Yassine trat mit einer humorvollen und lebhaften Lesung aus „Planet Omar – Nichts als Ärger“ auf. Die Geschichte von Omar, einem Jungen, der sich inmitten von Alltagssituationen und kulturellen Missverständnissen behaupten muss, brachte frischen Wind in den Wettbewerb. Yassine las mit einem ansteckenden Humor und einer Energie, die das Publikum mitriss. Seine Darstellung der lustigen, aber auch nachdenklichen Szenen war lebendig und sprühte vor Begeisterung.
Pia schließlich präsentierte „Die kleine Hexe“ von Otfried Preußler. Die Geschichte der kleinen Hexe, die trotz ihrer guten Absichten immer wieder in Schwierigkeiten gerät, ist ein Klassiker der deutschen Kinderliteratur. Pia las mit einer unaufdringlichen Wärme, die der Figur der kleinen Hexe gerecht wurde. Ihre ruhige, klare Lesart ließ die moralische Botschaft des Buches – dass wahre Größe nicht in Macht, sondern in Weisheit liegt – in den Vordergrund treten.
Am Ende war es Nike, die mit ihrer Darbietung aus „Die Chroniken von Mistle End“ das Publikum und die Jury am meisten beeindruckte. Ihr Spiel mit den Emotionen, ihre lebendige und facettenreiche Lesetechnik machten ihre Interpretation zu einer kleinen Meisterleistung. Nike gewann nicht nur durch ihre Lesefähigkeit, sondern auch durch ihre Fähigkeit, die Zuhörer auf eine spannende und mitreißende Reise durch die Seiten des Buches zu entführen.
Der Vorlesewettbewerb war nicht nur ein Test für die Lesetechniken der Teilnehmer, sondern auch ein Fest der Fantasie und Kreativität.

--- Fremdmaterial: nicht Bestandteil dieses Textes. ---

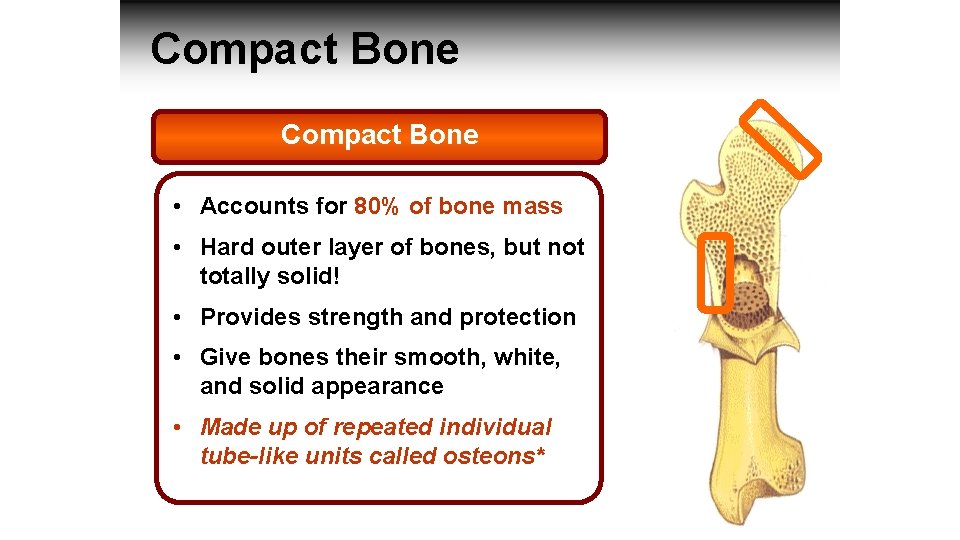 Compact Bone • Accounts for 80% of bone mass • Hard outer layer of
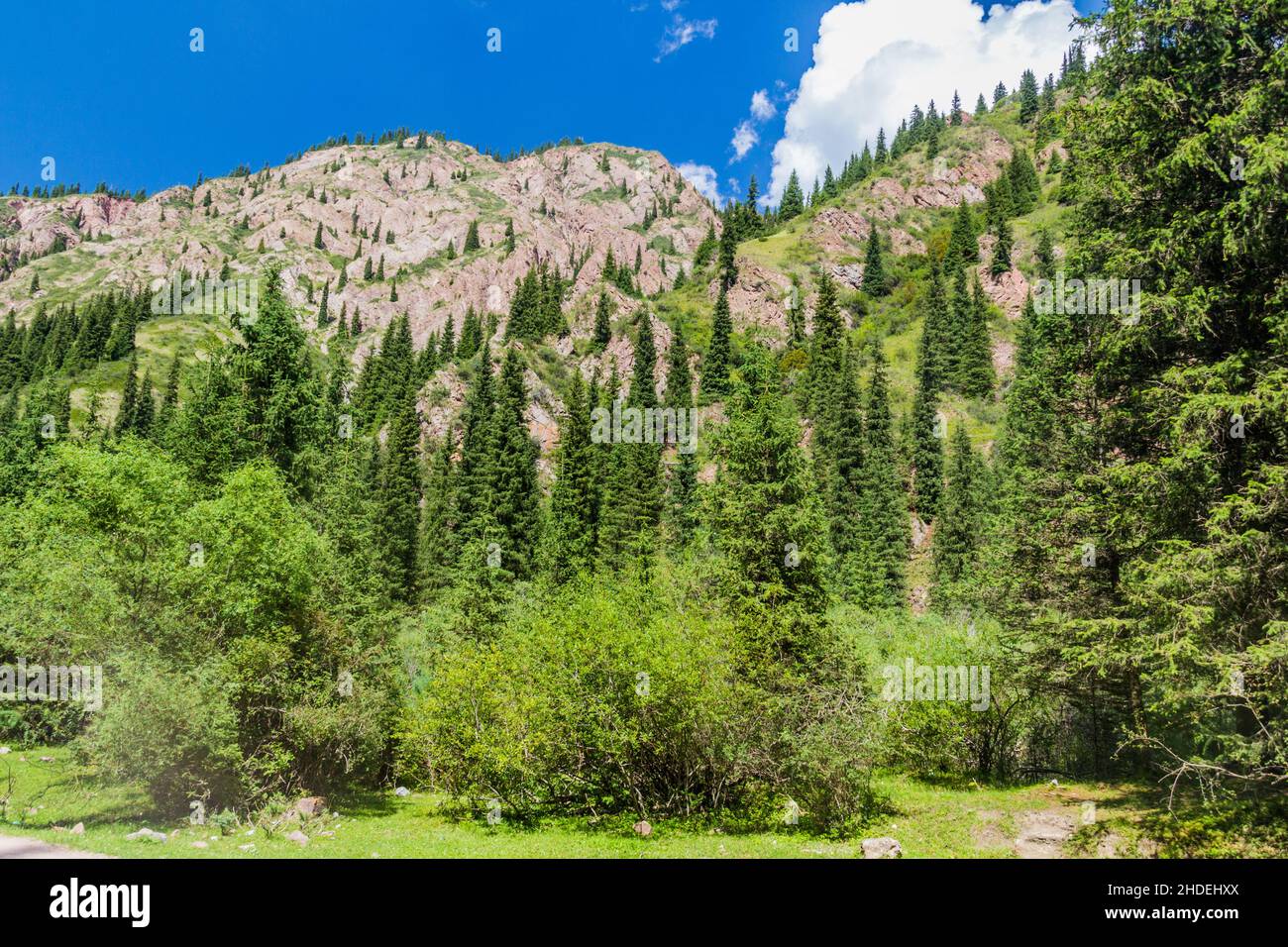 Rochers dans la vallée de Jeti Oguz, Kirghizistan Banque D'Images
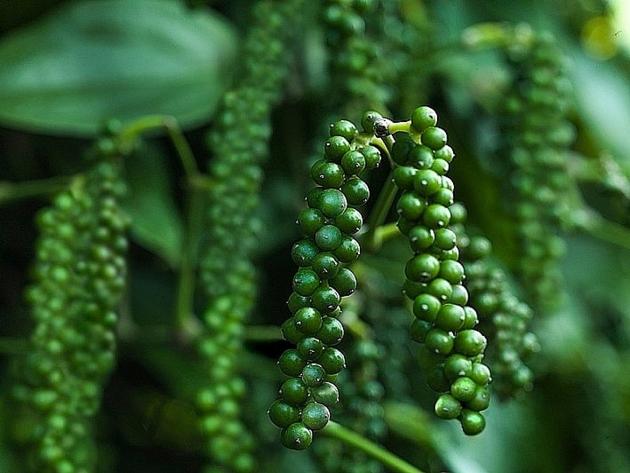 Fresh Green Pepper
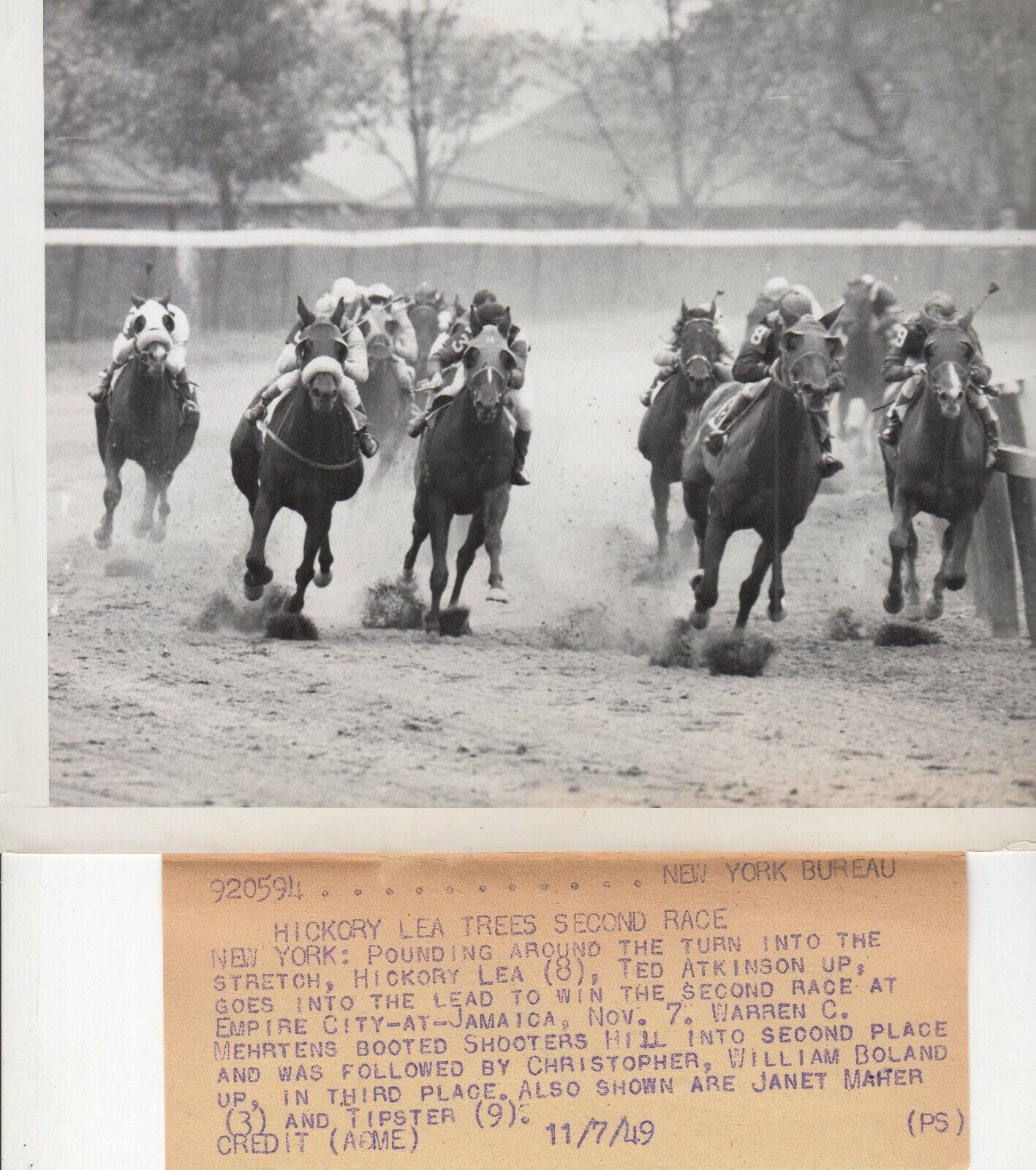 1949 Press Photo - HICKORY LEA TREES - EMPIRE CITY  -  Horse Racing Race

Jede Lesung war einzigartig und spiegelte die individuelle Beziehung der Kandidaten zu ihren gewählten Büchern wider. Es war eine Erinnerung daran, wie mächtig und faszinierend Worte sein können, wenn sie mit Leidenschaft und Begeisterung vorgetragen werden.
Es gab für jede Teilnehmerin und jeden Teilnehmer ein Buch als Preis – ein herzliches Dankeschön an dieser Stelle an die Kinder- und Jugendbuchverlage, die uns für unsere Rezensionen Bücher zur Verfügung stellen! Für die Siegerin des Schulentscheids – Nike Peters – geht es im nächsten Schritt am 25. Februar 2025 weiter beim Stadtentscheid.